There is a very simple class:

public class LinkInformation
{
    public LinkInformation(string link, string text, string group)
    {
        this.Link = link;
        this.Text = text;
        this.Group = group;
    }

    public string Link { get; set; }
    public string Text { get; set; }
    public string Group { get; set; }

    public override string ToString()
    {
        return Link.PadRight(70) + Text.PadRight(40) + Group;
    }
}

And I create a list of objects of this class, containing multiple duplicates.

So, I tried using Distinct() to get a list of unique values.

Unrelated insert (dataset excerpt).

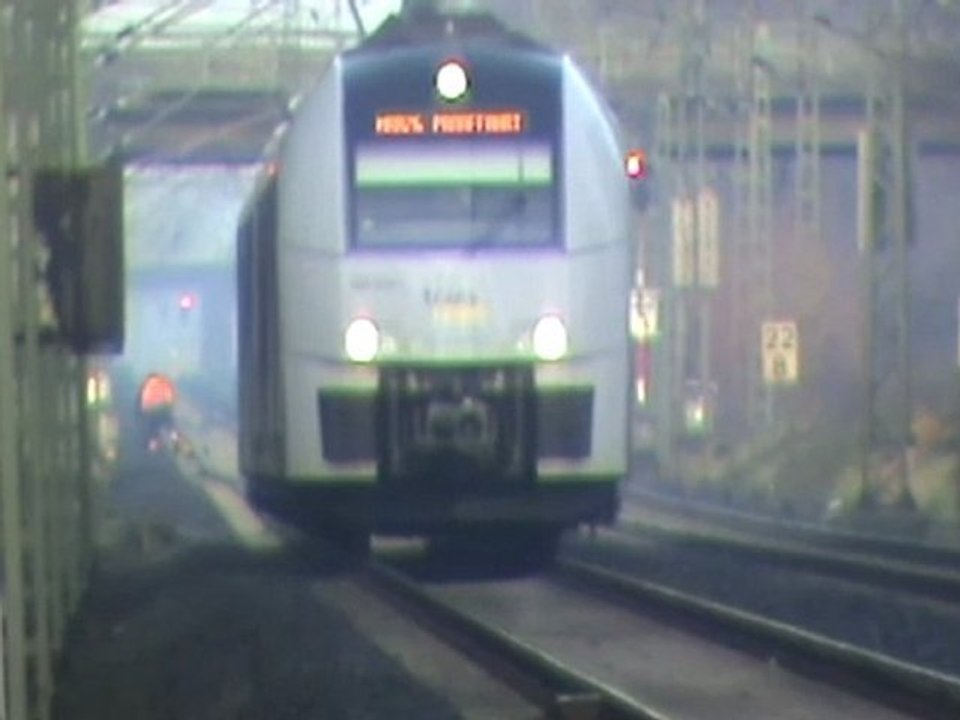 BR460 Desiro nach Bonn bei Bornheim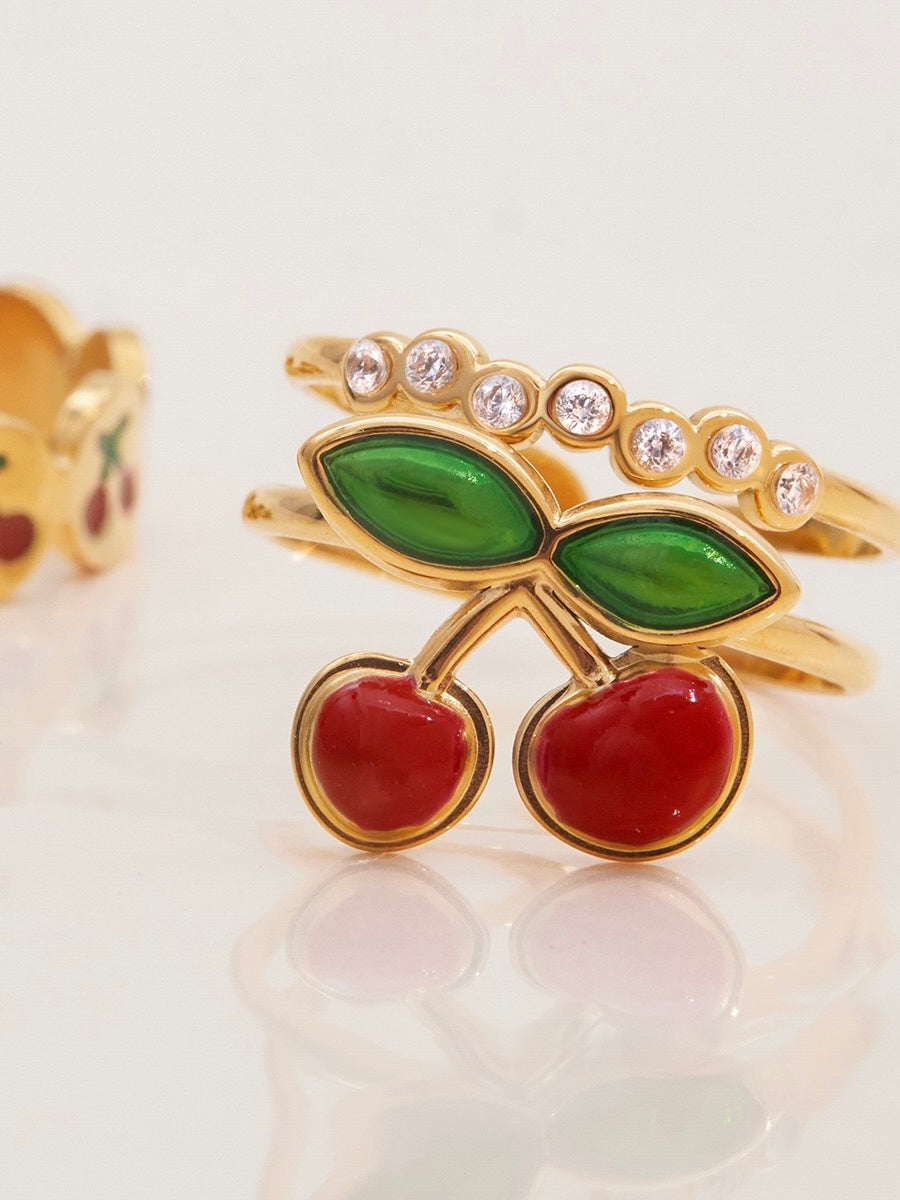 CHERRY RING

But it does not work, so I implemented

IComparable<LinkInformation>

    int IComparable<LinkInformation>.CompareTo(LinkInformation other)
    {
        return this.ToString().CompareTo(other.ToString());
    }

and then...

IEqualityComparer<LinkInformation>

    public bool Equals(LinkInformation x, LinkInformation y)
    {
        return x.ToString().CompareTo(y.ToString()) == 0;
    }

    public int GetHashCode(LinkInformation obj)
    {
        int hash = 17;
        // Suitable nullity checks etc, of course :)
        hash = hash * 23 + obj.Link.GetHashCode();
        hash = hash * 23 + obj.Text.GetHashCode();
        hash = hash * 23 + obj.Group.GetHashCode();
        return hash;
    }

The code using the Distinct is:

    static void Main(string[] args)
    {
        string[] filePath = {   @"C:\temp\html\1.html",
                                @"C:\temp\html\2.html",
                                @"C:\temp\html\3.html",
                                @"C:\temp\html\4.html",
                                @"C:\temp\html\5.html"};

        int index = 0;

        foreach (var path in filePath)
        {
            var parser = new HtmlParser();

            var list = parser.Parse(path);

            var unique = list.Distinct();

            foreach (var elem in unique)
            {
                var full = new FileInfo(path).Name;
                var file = full.Substring(0, full.Length - 5);
                Console.WriteLine((++index).ToString().PadRight(5) + file.PadRight(20) + elem);
            }
        }

        Console.ReadKey();
    }

What has to be done to get Distinct() working?

4

There are 4 best solutions below

5
On BEST ANSWER

You need to actually pass the IEqualityComparer that you've created to Disctinct when you call it. It has two overloads, one accepting no parameters and one accepting an IEqualityComparer. If you don't provide a comparer the default is used, and the default comparer doesn't compare the objects as you want them to be compared.

5
On

Without using Distinct nor the comparer, how about:

list.GroupBy(x => x.ToString()).Select(x => x.First())

I know this solution is not the answer for the exact question, but I think is valid to be open for other solutions.

3
On

If you want to return distinct elements from sequences of objects of some custom data type, you have to implement the IEquatable generic interface in the class.

here is a sample implementation:

public class Product : IEquatable<Product>
{
    public string Name { get; set; }
    public int Code { get; set; }

    public bool Equals(Product other)
    {

        //Check whether the compared object is null.
        if (Object.ReferenceEquals(other, null)) return false;

        //Check whether the compared object references the same data.
        if (Object.ReferenceEquals(this, other)) return true;

        //Check whether the products' properties are equal.
        return Code.Equals(other.Code) && Name.Equals(other.Name);
    }

    // If Equals() returns true for a pair of objects 
    // then GetHashCode() must return the same value for these objects.

    public override int GetHashCode()
    {

        //Get hash code for the Name field if it is not null.
        int hashProductName = Name == null ? 0 : Name.GetHashCode();

        //Get hash code for the Code field.
        int hashProductCode = Code.GetHashCode();

        //Calculate the hash code for the product.
        return hashProductName ^ hashProductCode;
    }
}

And this is how you do the actual distinct:

Product[] products = { new Product { Name = "apple", Code = 9 }, 
                       new Product { Name = "orange", Code = 4 }, 
                       new Product { Name = "apple", Code = 9 }, 
                       new Product { Name = "lemon", Code = 12 } };

//Exclude duplicates.

IEnumerable<Product> noduplicates =
    products.Distinct();
6
On

If you are happy with defining the "distinctness" by a single property, you can do

list
    .GroupBy(x => x.Text)
    .Select(x => x.First())

to get a list of "unique" items.

No need to mess around with IEqualityComparer et al.